English

WSWS arts editor David Walsh discusses art and the present political situation

During a visit to San Francisco to attend the annual international film festival, David Walsh spoke to a receptive audience on the significance of the SEP election campaign and the current cultural and political situation in the United States. The meeting—held at San Francisco State University—drew a diverse group, made up of members of various professions including healthcare, education and auto mechanics, with participants ranging from age 17 to 74.

The lecture was followed by a lively discussion, which carried on until 10 p.m., well after the meeting ended. The topics of discussion ranged from a consideration of the increasingly volatile love/hate of the American public for celebrities, in particular Barry Bonds, the character of the new film on the September 11 terrorist attacks (Flight 93) to the relatively low-level of historical understanding among college students.

Nearly all the meeting’s participants offered to volunteer their time to the SEP election campaign, making donations and purchasing over $100 worth of pamphlets and books.

Walsh began by drawing a parallel between the political complacency which followed the post-World War II boom period in the US to that of the pre-1914 period. “Some of the notions that arose in the period of economic expansion from 1871 to 1914 bear a resemblance to the illusions produced during the decades following the end of World War II in 1945.” He located the material root of these notions by analogizing to the present international situation, “the jockeying for position by the various great powers (today in Europe, America and Asia), the creation of alliances that may or may not endure, the entry of new economic powers (such as China and India) and the growth of intense economic rivalries that cannot be resolved within the old status quo, colonial adventures that threaten to burst into wider conflagrations (Iraq, Iran), a furious growth of armaments.”

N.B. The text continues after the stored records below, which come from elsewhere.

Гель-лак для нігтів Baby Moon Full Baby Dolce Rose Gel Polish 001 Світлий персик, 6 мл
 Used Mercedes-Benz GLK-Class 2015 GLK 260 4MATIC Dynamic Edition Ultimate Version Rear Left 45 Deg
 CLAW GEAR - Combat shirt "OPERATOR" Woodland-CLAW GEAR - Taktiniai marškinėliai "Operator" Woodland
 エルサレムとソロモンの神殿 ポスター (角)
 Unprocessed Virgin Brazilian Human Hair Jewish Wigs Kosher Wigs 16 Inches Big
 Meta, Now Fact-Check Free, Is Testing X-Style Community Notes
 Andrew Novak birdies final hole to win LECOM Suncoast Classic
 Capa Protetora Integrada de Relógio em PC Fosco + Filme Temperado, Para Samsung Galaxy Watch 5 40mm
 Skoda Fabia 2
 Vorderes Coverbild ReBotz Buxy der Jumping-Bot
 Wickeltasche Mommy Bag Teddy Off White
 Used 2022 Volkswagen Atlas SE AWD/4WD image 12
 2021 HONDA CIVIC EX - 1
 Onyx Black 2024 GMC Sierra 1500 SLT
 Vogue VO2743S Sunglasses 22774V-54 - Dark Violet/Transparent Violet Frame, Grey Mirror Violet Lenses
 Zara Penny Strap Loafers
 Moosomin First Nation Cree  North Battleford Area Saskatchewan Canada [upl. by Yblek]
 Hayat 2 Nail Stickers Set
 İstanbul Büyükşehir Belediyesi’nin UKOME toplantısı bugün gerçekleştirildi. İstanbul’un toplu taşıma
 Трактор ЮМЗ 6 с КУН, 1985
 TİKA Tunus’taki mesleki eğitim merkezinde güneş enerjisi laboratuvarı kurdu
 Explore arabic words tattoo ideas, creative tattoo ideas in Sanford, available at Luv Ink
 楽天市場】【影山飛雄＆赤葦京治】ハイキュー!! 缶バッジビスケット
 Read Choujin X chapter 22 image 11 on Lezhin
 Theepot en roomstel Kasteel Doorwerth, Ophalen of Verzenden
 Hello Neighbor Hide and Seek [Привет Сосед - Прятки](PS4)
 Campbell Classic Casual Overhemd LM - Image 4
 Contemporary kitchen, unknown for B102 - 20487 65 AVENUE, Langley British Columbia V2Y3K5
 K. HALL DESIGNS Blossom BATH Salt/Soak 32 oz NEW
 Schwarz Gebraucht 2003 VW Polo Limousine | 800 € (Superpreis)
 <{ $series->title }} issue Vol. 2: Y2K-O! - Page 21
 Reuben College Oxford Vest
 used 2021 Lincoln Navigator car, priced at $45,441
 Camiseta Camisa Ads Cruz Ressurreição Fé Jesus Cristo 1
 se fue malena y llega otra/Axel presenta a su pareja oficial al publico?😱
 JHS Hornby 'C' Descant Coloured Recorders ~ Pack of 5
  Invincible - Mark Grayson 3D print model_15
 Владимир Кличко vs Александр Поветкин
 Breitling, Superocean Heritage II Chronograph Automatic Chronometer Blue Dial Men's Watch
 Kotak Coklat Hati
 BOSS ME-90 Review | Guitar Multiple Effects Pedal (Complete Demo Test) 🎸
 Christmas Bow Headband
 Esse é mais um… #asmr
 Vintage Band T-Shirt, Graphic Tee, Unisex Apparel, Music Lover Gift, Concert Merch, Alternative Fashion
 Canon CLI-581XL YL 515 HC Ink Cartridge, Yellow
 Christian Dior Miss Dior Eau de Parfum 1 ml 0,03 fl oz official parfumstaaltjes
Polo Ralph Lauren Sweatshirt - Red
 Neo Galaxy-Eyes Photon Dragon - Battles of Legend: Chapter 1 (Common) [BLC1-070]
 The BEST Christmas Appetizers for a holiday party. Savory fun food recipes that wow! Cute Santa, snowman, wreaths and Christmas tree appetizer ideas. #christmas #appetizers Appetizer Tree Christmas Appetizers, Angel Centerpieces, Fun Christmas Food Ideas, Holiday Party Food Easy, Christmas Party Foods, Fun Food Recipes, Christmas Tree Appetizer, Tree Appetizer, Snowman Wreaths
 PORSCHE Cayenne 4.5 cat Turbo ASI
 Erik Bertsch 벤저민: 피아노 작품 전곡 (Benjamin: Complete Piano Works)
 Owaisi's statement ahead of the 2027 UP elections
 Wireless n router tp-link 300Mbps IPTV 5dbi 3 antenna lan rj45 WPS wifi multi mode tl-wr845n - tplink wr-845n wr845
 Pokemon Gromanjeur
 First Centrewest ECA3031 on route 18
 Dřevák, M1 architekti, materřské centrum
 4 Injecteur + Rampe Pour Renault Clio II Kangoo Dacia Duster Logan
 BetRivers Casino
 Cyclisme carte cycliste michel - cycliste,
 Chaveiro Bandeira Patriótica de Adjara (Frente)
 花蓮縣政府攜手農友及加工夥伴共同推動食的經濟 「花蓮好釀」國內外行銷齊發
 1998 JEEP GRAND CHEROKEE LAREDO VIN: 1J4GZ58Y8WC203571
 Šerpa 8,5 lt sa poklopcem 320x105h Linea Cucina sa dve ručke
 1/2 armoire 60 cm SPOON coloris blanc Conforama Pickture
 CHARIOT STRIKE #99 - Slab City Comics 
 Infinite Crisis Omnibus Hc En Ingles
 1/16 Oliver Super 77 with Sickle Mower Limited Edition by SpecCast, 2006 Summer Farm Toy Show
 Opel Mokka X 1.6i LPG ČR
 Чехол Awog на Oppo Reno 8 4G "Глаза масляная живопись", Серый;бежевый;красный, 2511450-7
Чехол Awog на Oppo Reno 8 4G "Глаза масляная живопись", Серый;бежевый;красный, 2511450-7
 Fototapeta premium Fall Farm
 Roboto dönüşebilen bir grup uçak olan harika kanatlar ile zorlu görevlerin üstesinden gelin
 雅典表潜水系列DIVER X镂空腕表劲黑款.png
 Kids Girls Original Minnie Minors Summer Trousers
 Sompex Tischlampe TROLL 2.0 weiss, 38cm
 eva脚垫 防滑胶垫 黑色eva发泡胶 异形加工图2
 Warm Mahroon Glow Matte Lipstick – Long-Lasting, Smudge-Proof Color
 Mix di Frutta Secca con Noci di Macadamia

Walsh quoted from Trotsky’s core analysis of WWI: “The present war is at bottom a revolt of the forces of production against the political form of nation and state. It means the collapse of the national state as an independent economic unit.” He pointed to the revolutionary opportunities created by this enduring contradiction and the increased urgency of a socialist political intervention. “These words should have the most immediate meaning to us. The unprecedented globalization of recent decades has raised the conflict between the forces of production and the nation-state system to new heights. This conflict is the objective ground for a new wave of revolutionary struggles.”

Counterposing popular resistance to attacks on the standard of living in France to the imperialist slaughter in Iraq and the possibility of a nuclear strike on Iran, Walsh pointed to the two roads that lay before working people internationally, saying, “The alternatives before the world’s population are socialism or barbarism.”

Walsh prefaced his lecture on art and culture with an appeal to the supporters in attendance. “The Socialist Equality Party is intervening in the 2006 elections to offer an alternative: the perspective of international socialism. We are fighting to place a candidate on the ballot in the 29th Congressional District in California and we encourage everyone here to participate in that campaign. The most pressing question in the US is the building of a socialist alternative to the present political set-up”

“Light, more light”

Walsh then moved to the issues confronting artists, workers and students grappling with the crisis of culture in contemporary America. “We concern ourselves with the question of art and culture because we are concerned with the fate of humanity, and humanity’s fate depends on the growth of a far deeper perception of reality. We are far from believing that radical social change is merely the product of advancing a correct political program, as decisive as that is.”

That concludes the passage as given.